3 de out de 2017

Preparando-se para a Escrita: Descanse o Lápis e Vá Brincar nas Barras!

As mãos da criança são uma importante ferramenta para o aprendizado. Com as mãos, ela controla o mundo à sua volta, constrói e cria tudo que imagina, e também se expressa – primeiro com gestos, depois com rabiscos e, por último, com a palavra escrita.
Os pais sabem da importância da coordenação motora fina – especialmente para a escrita –, e talvez por isso haja tantas perguntas relacionadas a esse assunto. Eis a minha resposta…
Deixe o lápis de lado por um tempo e vá brincar nas barras.

A ORDEM NATURAL DAS COISAS

O controle muscular e a coordenação da criança se desenvolvem de forma natural, ordenada – de cima para baixo e de dentro para fora –, começando na cabeça e avançando em direção aos dedos dos pés, e do tronco para os membros superiores (braços) e inferiores (pernas). Essa ordem de prioridade, estabelecida pelo cérebro, garante que os músculos maiores, necessários para a coordenação e locomoção (mover-se do ponto A ao ponto B), estejam bem organizados e no controle, antes de comandar os mais de 60 músculos combinados das mãos (para não falar da enorme quantidade de ossos, centenas de ligamentos e tendões etc. etc.).
Assim, você pode perceber que, na hierarquia do desenvolvimento, as mãos vêm por último.

O QUE É DESENVOLVIMENTO MOTOR FINO?

Mas isso não significa que as mãos do seu filho não estão se desenvolvendo conforme ele cresce. As mãozinhas das crianças começam com uma pegada simples, reflexa, que utiliza toda a mão. Com o tempo, os reflexos iniciais se integram, e o movimento de pinça desabrocha, permitindo à criança utilizar o dedo indicador juntamente com o polegar. A cada dia, você irá perceber mais e mais movimentos deliberados das mãos e dos dedos. Mas isso não é uma habilidade motora fina – ainda não.
Habilidades motoras finas são o controle motor de alta precisão necessário para integrar o funcionamento dos cinco dedos, possibilitando a execução de atividades detalhadas que exigem movimentos minuciosos, quase imperceptíveis, como a utilização de um lápis para escrever o nome.
Mas o ato de escrever o próprio nome não depende só do punho, por assim dizer.

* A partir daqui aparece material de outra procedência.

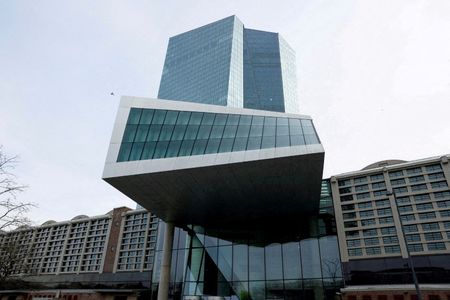 欧州中央銀行（ＥＣＢ、写真）理事会メンバーのナーゲル独連銀総裁は２３日、ＥＣＢは利下げ実施前にインフレ率が目標の２％に回帰していると確信する必要があると述べた。２０２３年３月撮影（２０２４年　ロイター/Heiko Becker）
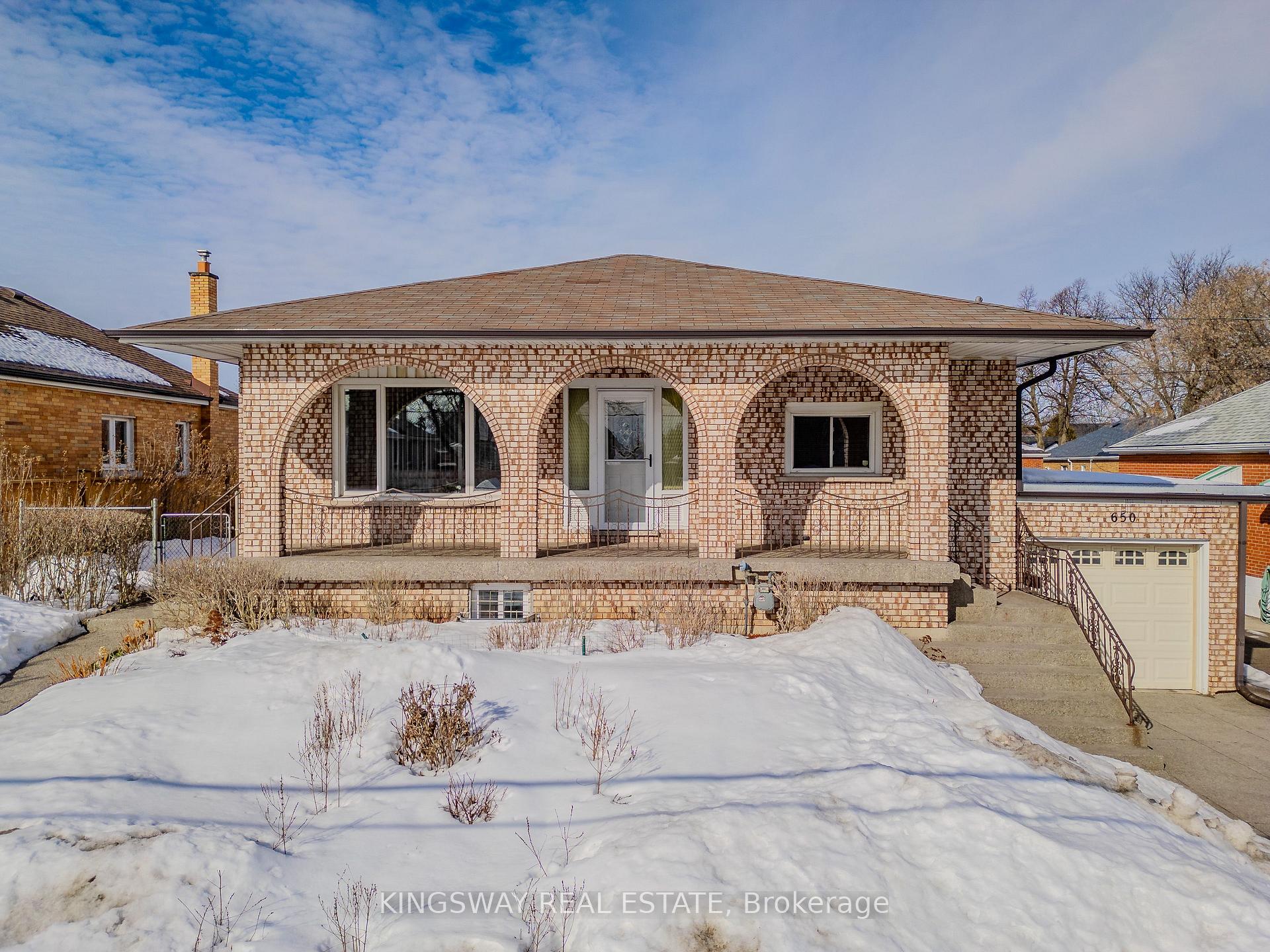 Photo 4 of 650 Upper Sherman Avenue, Hamilton, Burkholme — HOMEH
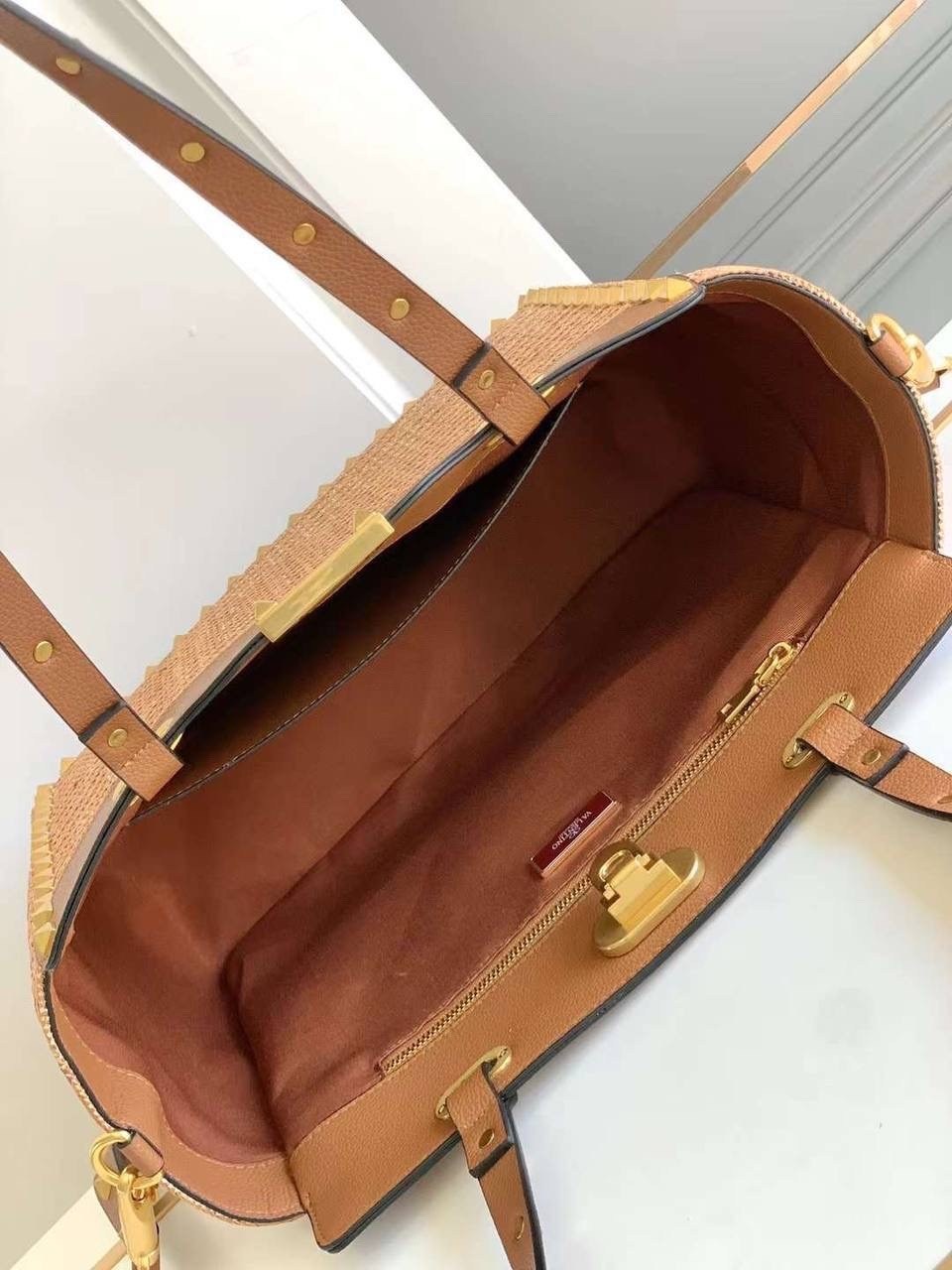 модная сумка,сумки,плетеная сумка,valentino сумка,женская брендовая сумка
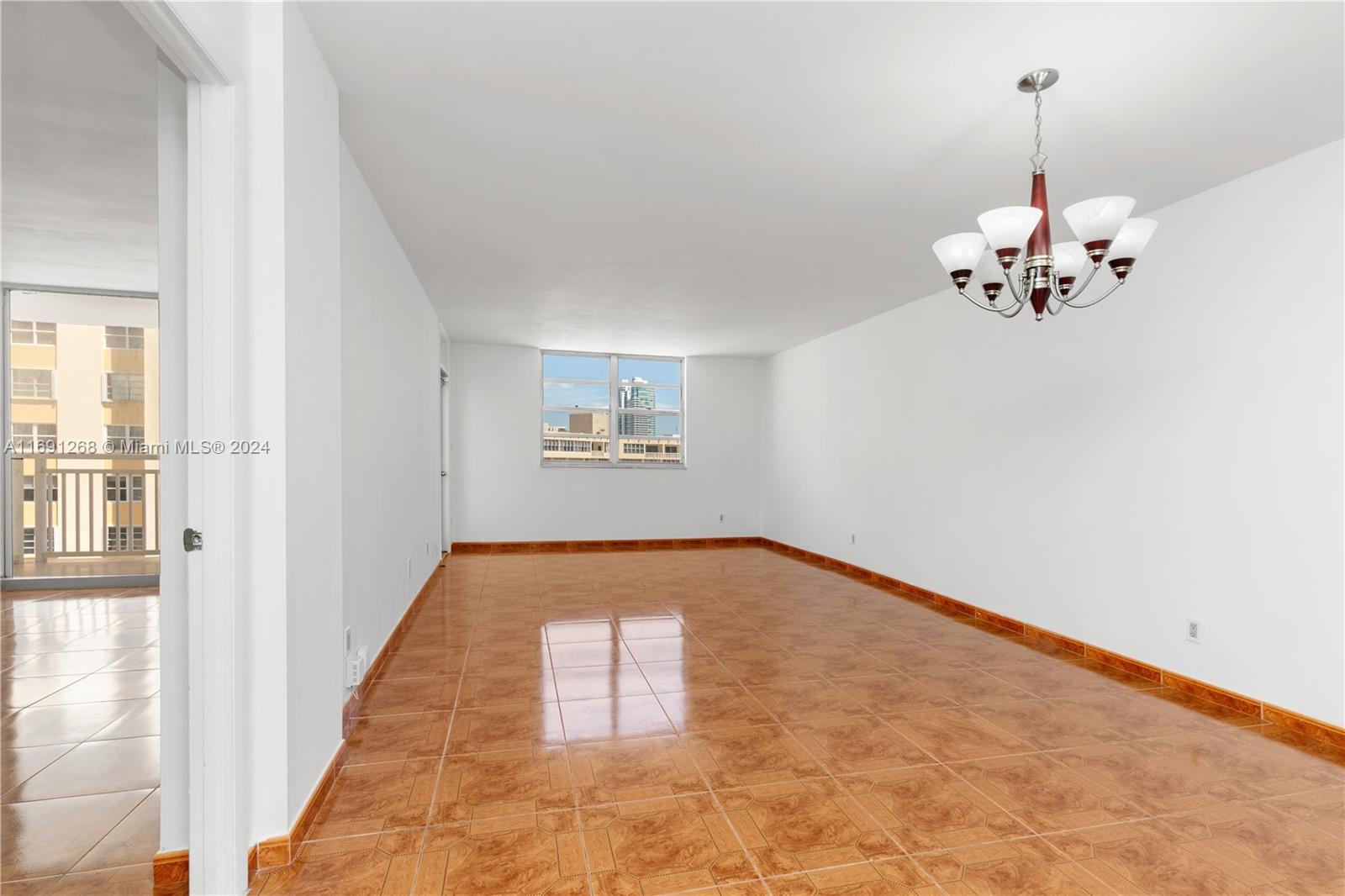 PLAZA TOWERS SOUTH CONDO - Residential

Na verdade, esse simples ato envolve o corpo inteiro.
O QUE É PRECISO PARA ESCREVER MEU NOME:
  1.  A parte superior do corpo deve estar fortalecida o bastante para manter a posição de pé ou sentada.
  2.  Os músculos dos ombros devem estar fortalecidos o bastante para controlar o peso do braço, e flexíveis o bastante para girar livremente a fim de posicionar o braço para escrever.
  3.  O braço deve suportar o peso do antebraço e da mão, possibilitando que a mão deslize sobre a página.
  4.  O antebraço deve fornecer um ponto de apoio firme para que o punho possa girar.
  5.  O punho deve manter a mão firme e girar para a posição adequada.
  6.  Os dedos devem se dobrar em torno do lápis, que se mantém no lugar graças ao polegar.
  7.  Juntos, os cinco dedos fazem sobre o papel uma dança de alta precisão: a) posicionando o lápis no ângulo exato sobre o papel, b) pressionando e mantendo o nível correto de pressão a fim de deixar a marca do lápis, e c) coordenando os movimentos de subida, descida, para a esquerda e para a direita sobre a página.
Se algum dos músculos nessa cadeia deixar de funcionar, escrever o próprio nome poderá se tornar uma tarefa muito difícil.
O que nos traz de volta às barras do parquinho de diversões…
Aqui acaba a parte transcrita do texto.